I get not everyone has that opportunity.
I get being able to have a break of this duration is a privilege.
But the reality is a break is the greatest investment you can make in yourself or your people.

It gives them a chance to decompress. To think. To let shit go. To get excited again.

Doesn’t matter if you’re a checkout operator or an old bastard, advertising strategist.

It’s why I hate how some companies treat ‘holidays’ like it’s a gift … something you can only have if it suits the organisations needs, timelines and ego.

Fuck that.

For all the talk companies say about ‘our staff being our greatest asset’, the second best demonstration of that – after being paid fairly – is valuing, encouraging and protecting their rights to a break.

And by that, I mean respecting their people’s right and need to have ‘proper holidays’ rather than attempting to hide their toxicity under the guise of bullshit like unlimited holidays … which not only aren’t ever true, but are something they actively go out of their way to ensure can never be realised.

And don’t get me started on the US attitude to vacations, with their 10 days a year allowance … meaning many people can’t have any break of significance without either years of sacrifice or days of unpaid leave.

It’s why I’m eternally grateful for Colenso’s attitude to holidays.

And why I’m eternally grateful for how NZ values and protects their ‘festive season break’.

[Though one unfortunate side-effect is people often don’t take a break in the rest of the year so they can save it all up for the end of the year, which can also contribute to people feeling and experiencing burnout]

And why I’m eternally grateful to my clients for appreciating and encouraging it for me.

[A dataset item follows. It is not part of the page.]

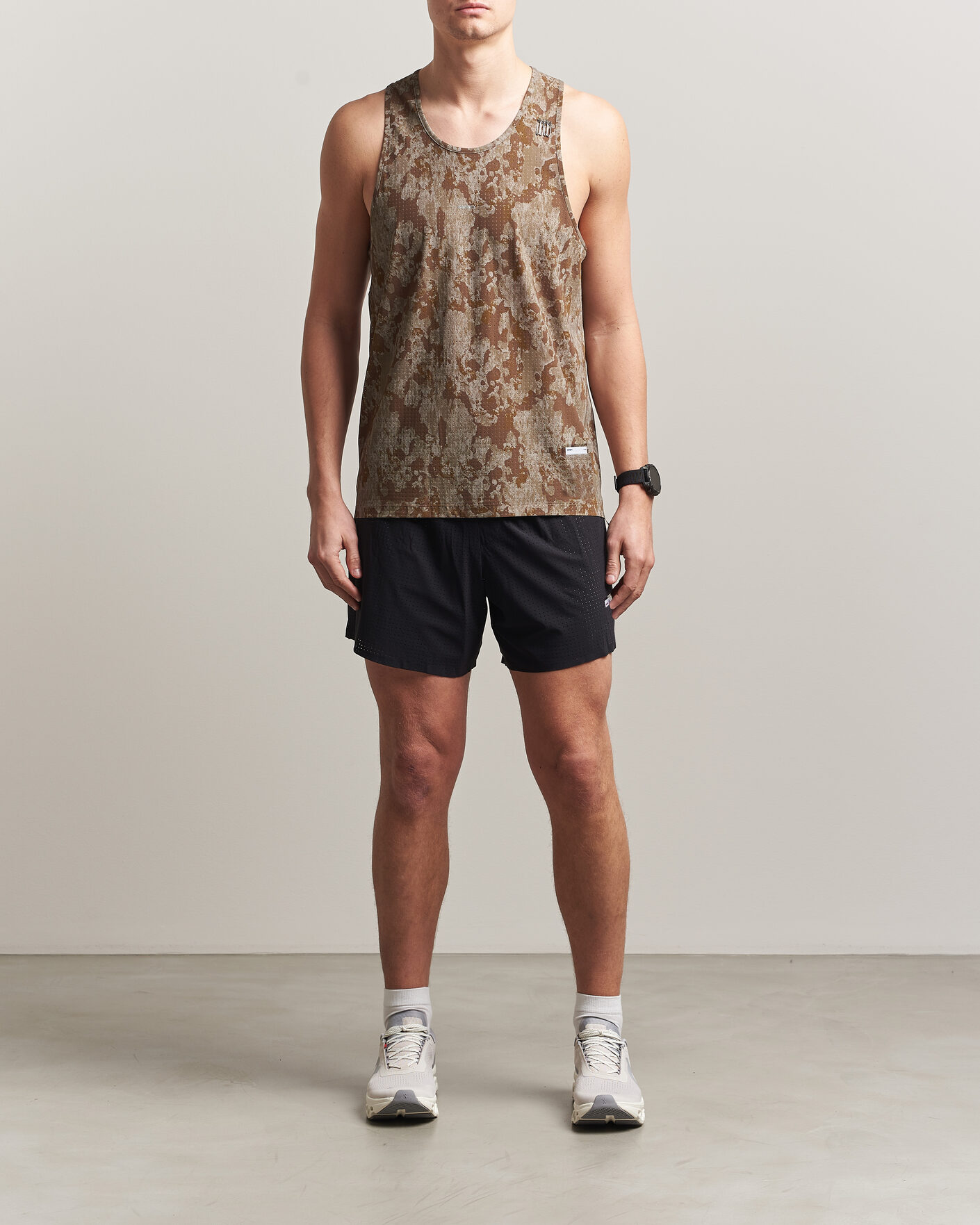 Herr | T-Shirts | Satisfy | Space-O Singlet Camo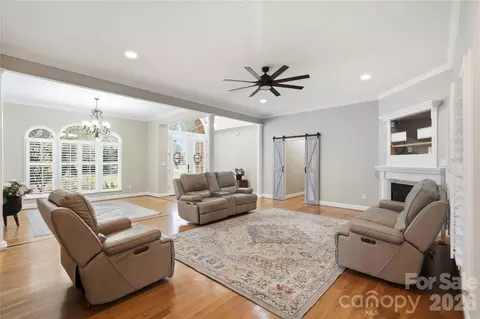 Living - 2469 Stoneview Ct, Denver, NC 28037 photo 2 of 7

Of course part of the reason for their generosity is because it’s in their interests … because a holiday increases the odds great things will happen for them thanks to your renewed energy, focus and inspiration. But hey, I respect they get this because we all win from it rather one person feeling indebted to the other for having what is their god-damn given right to have.

So hello 2025 … let’s see what you’ve got in store for me.

Or should I say, look out for what I’ve got in store for you.